Thermoelectric effects refer to the conversion of a temperature gradient to electric energy or vice versa. At the atomic scale, an applied temperature gradient causes charge carriers in the material to diffuse from the hot side to the cold side. As a result, a potential difference builds up. The basic mechanism is easy to understand — at higher temperature, more phonons are excited and the scattering of charge carriers therefore increases. The different degree of scattering at the hot and the cold ends of the material causes an increased concentration of charge carriers at the cold end, for purely statistical reasons.

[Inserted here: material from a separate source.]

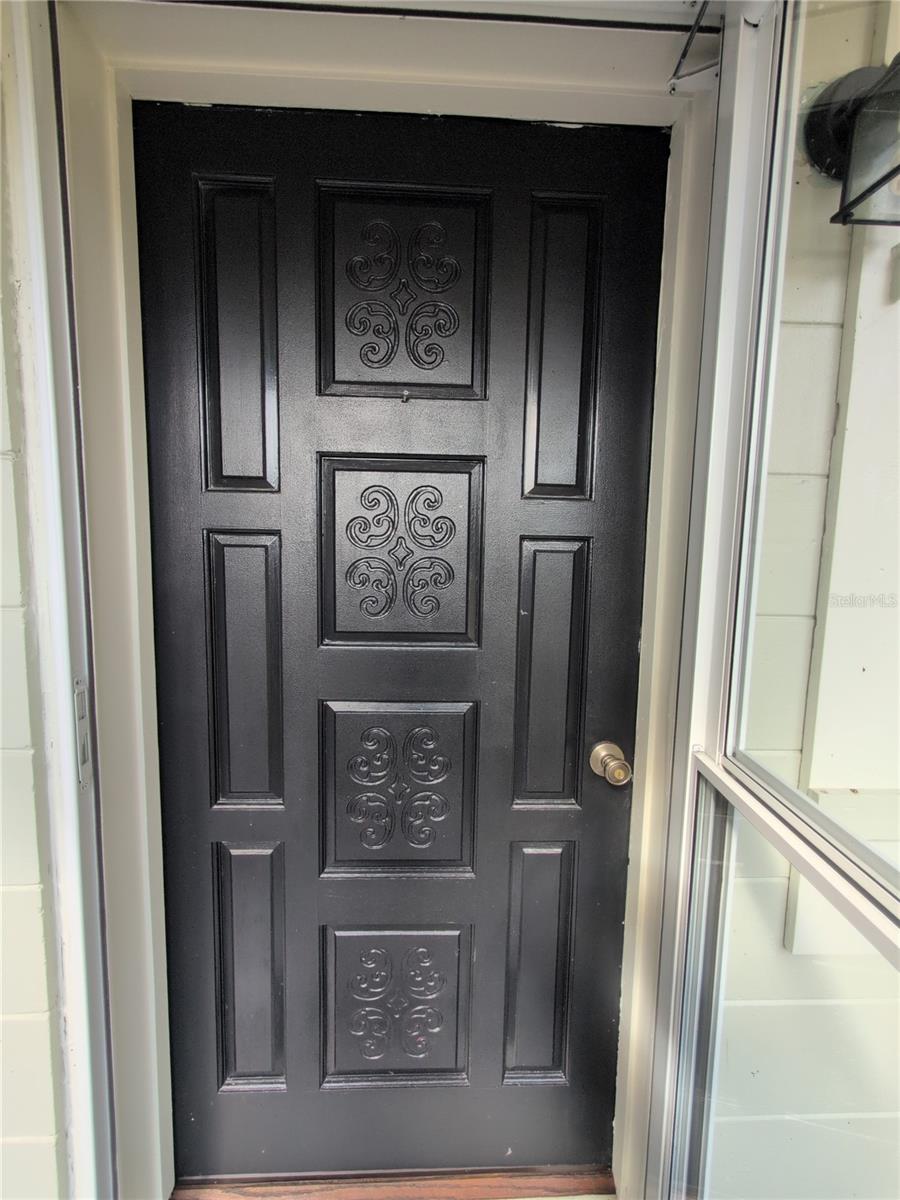 1105 NE 45 PL, OCALA, FL, 34479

Thermoelectric devices promise to play very important roles in future global sustainable energy solutions, since they enable the recovery of energy otherwise just wasted as heat. Furthermore, since thermoelectric devices are fuel-free solid-state devices with no moving parts, they should also be extremely reliable with long lifetimes. Their present day application is however limited due to the low conversion efficiency, which can be expressed using the thermoelectric figure of merit zT. This entity is proportional to the electrical conductivity and the square of the Seebeck coefficient, and inversely proportional to the thermal conductivity. A serious obstacle in improving the thermoelectric figure of merit is the need to optimize conflicting properties — when the Seebeck cofficient increases the electrical conductivity tends to decrease, and so forth. Recently, nanostructuring and fine-tuning of material parameters have demonstrated that significant performance improvements can be achieved, and the area is therefore subject to intense research and development at the moment. A direct effect of nanostructuring is that the thermal conductivity can be decreased through manipulation of the phonon spectrum and phonon lifetimes.

Only recently, HPC resources have become powerful enough to allow advanced calculations, founded in quantum mechanics, of thermoelectric effects. Recent method development has also helped to make this subject come into focus for computations. Specifically we aim at calculating phonon lifetimes using several schemes which require further method development.